In the original straw-man and current draft, I proposed an API

bool supports(Algorithm algorithm, optional Key key);

This was to allow determining whether or not a given algorithm was
supported, without having to actually create a CryptoStream object. The
intent was to provide a way to discover whether the necessary complete set
of ciphers was available for an application, before beginning potentially
expensive operations (key generation, data download, key discovery that may
result in user interaction, etc).

However, as some have pointed out, there are implicit facilities for
algorithm discovery, by virtue of the fact that
.encrypt/.decrypt/.sign/.verify need to have some well-defined behaviour
for handling invalid or unsupported Algorithms. It has also been raised
that whether or not a given algorithm is supported is dependent upon the
key being used, although I believe I addressed that point via the optional
"Key" parameter, since it allows a user optionally to determine if a
particular key supports the algorithm, rather than just whether or not an
implementation exists.

However, I'm now thinking that the currently defined synchronous interface
is neither desirable nor sufficient. It seems to me that, for at least some
key storage types, determining whether or not a particular algorithm is
supported may involve some form of user interaction or, in the case where
key storage is backed by hardware, some form of hardware communication. For
example, if using PKCS#11, this may involve calls to C_GetMechanismInfo,
which may involve talking to a token/slot.

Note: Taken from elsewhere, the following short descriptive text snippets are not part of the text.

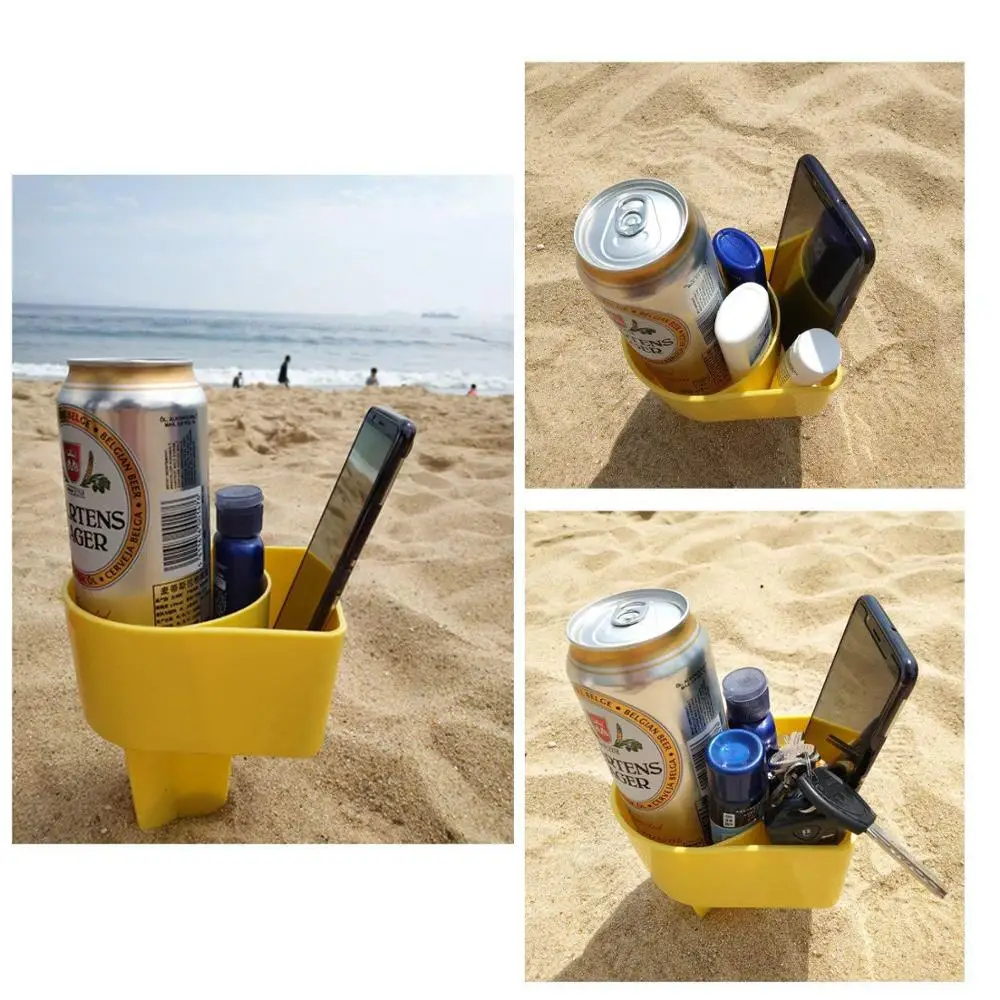 
Beach Cup Holder with Pocket, Multifunctional Sand Cup Holder for Drink 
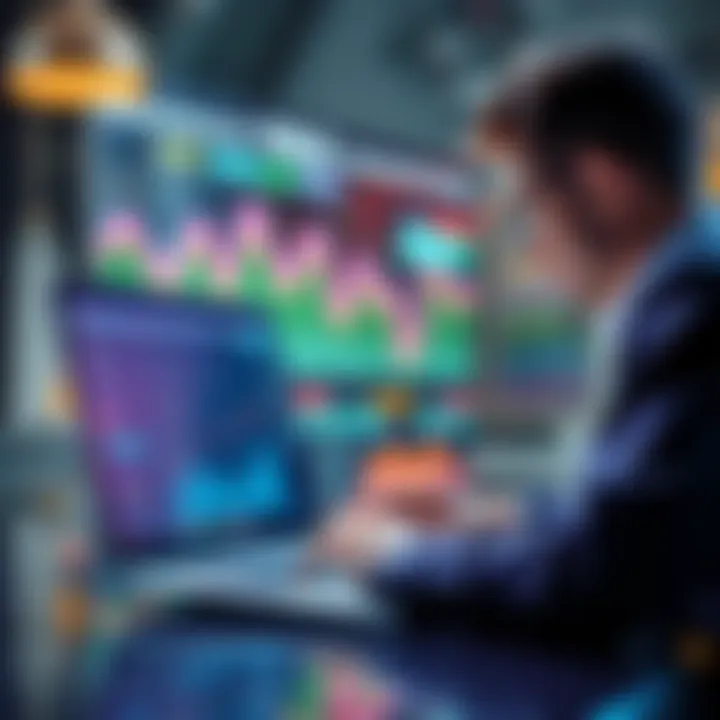 A person analyzing data on a laptop with graphs and charts representing yield pools in the background.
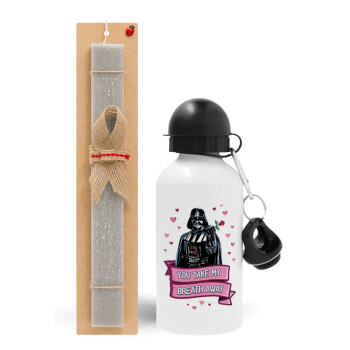 Darth Vader, you take my breath away, Easter Set, metallic aluminum water bottle (500ml) & aromatic flat Easter candle (30cm) (GRAY)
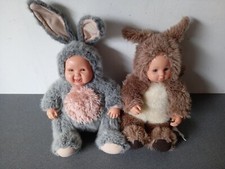 LOT 2 POUPEES PELUCHES OURS OURSON ECUREUIL ANNE GEDDES 2002 28 CM & 34 CM 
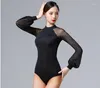 Стадия носить взрослые латинские балетные танцевальные одежды Женские тренировочные наборы тела на спине леолард черный танцевальный костюм фигура фигура
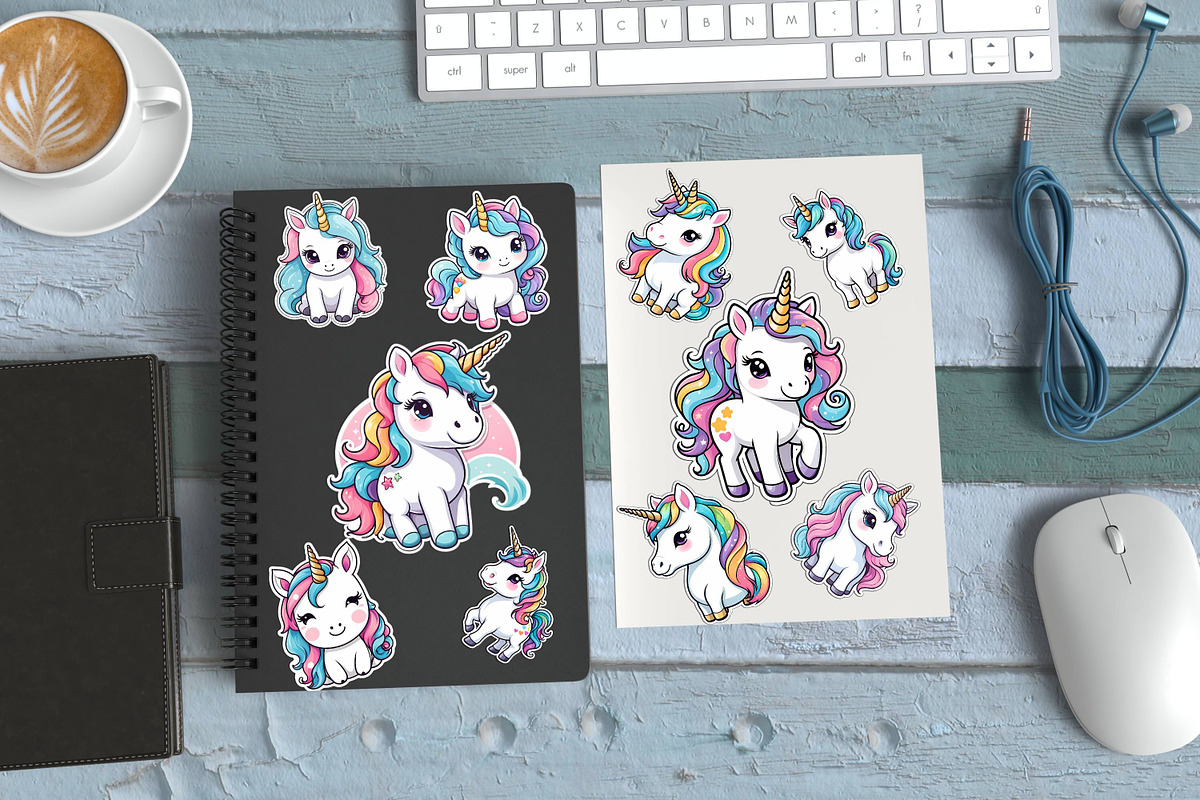 36 KAWAII Unicorn Stickers Clipart, an Animal Photo by Traffic Store (Photo 3 of 5)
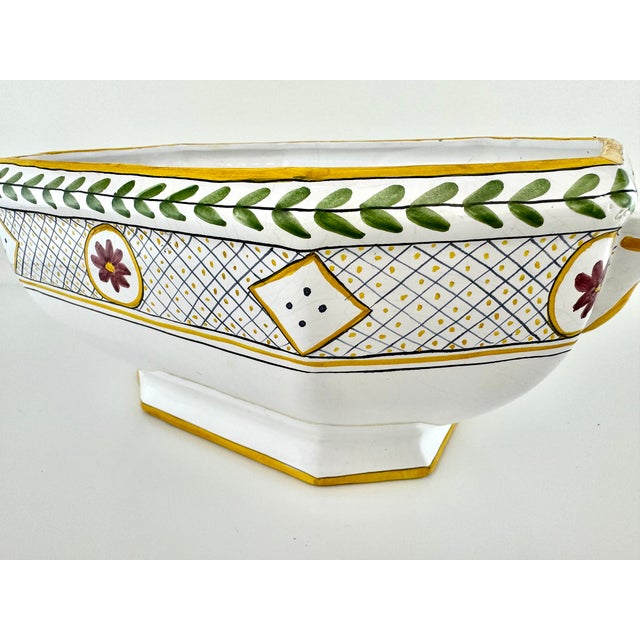 Rustic European 1978 Signed Hand-Painted Ceramic Jardiniere Planter, Made in Portugal for Sigma by McMxxiv For Sale - Image 3 of 11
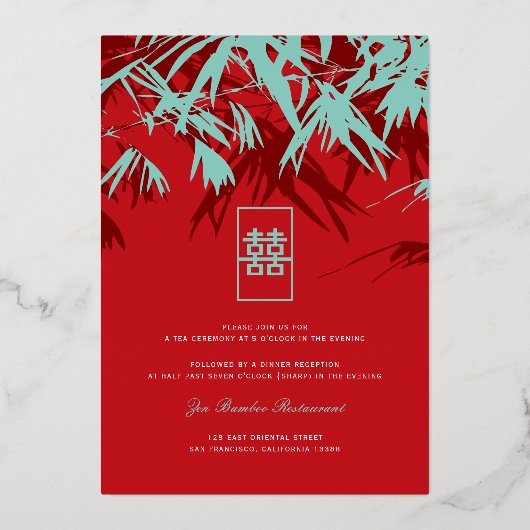 Rood en Turquoise Zen Bamboo trekt Chinees huwelij Folie Uitnodiging (Achterkant)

These calls may be slow - especially if other programs are using the token
or key storage mechanism (including software storage systems that need to
have locks) - so it would seem like this should be an asynchronous call. It
would also seem that my straw man proposal fails to distinguish the uses of
a particular algorithm - for example, a key may only support verification,
but not signatures. These sorts of scenario arises even if raw keying
material is exposed and implementations are fully software, I believe,
since there are still limitations on how a key may be used.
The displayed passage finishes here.